M: It can be fixed. All in good time.


************************************************


(Days later, on Christmas Eve…)

R: Now that San has gone to sleep, let us start wrapping presents.

M: There is no “us.” You wrap, I watch TV.

R: There are at least 20 presents to wrap. We have a party to prepare for. If you don’t switch off the TV right now, the remote goes out of the window.

M: What is all the fuss about? Do you think those Magi wrapped their presents?

R: I don’t think their presents could have been wrapped. Frankincense? Myrrh? They don’t sound very wrapping friendly, do they?

M: Nor are these cups, bags, horribly shaped pens, odd-shaped chocolate boxes – and what is this? A silly-looking mirror? A dust bin? You are crazy!

R: Those are the prizes for games. Less questions, more work. These are your set of wrapping papers, bows, scotch tape, and scissors.

M: &%$#@%&*

R: What?

M: I didn’t say anything.

R: Do we need to wrap San’s bike?

M: You must be mad!

R: I just asked. At least some tassels and ribbons?

M: No. It looks beautiful as is.

R: Okay okay.

M: I don’t think men are genetically inclined to wrap gifts.

R: Get to work, will you? Don’t blame your DNA.
************************************************

(About an hour and more bad-mouthing later….)
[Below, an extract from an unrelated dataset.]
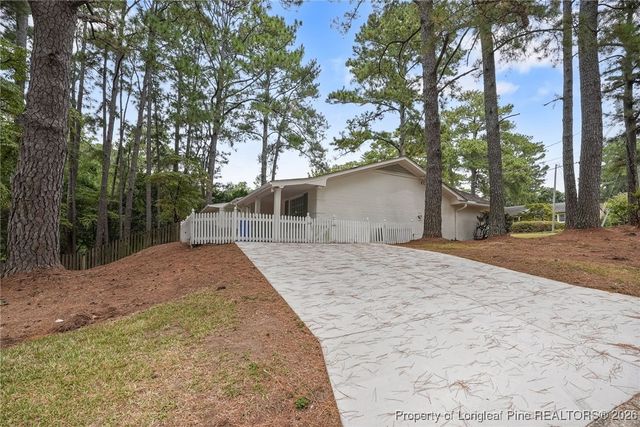 2515 Mirror Lake Drive, Fayetteville, NC 28303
R: It looks beautiful, doesn’t it?

M: It does.

R: I am leaving the balcony door a crack open.

M: Why?

R: Perhaps Santa Claus will come.

M: Hmmm, I think I can hear the jingles.

R: And look, there, beyond that faintest star, do you see a red glow? That might be Rudolph’s red nose.

M: Let us get to bed.

R: Yes, let us.

************************************************

(Christmas morning, bright and early)

S: (A delighted squeal) Yippie! Santa was here!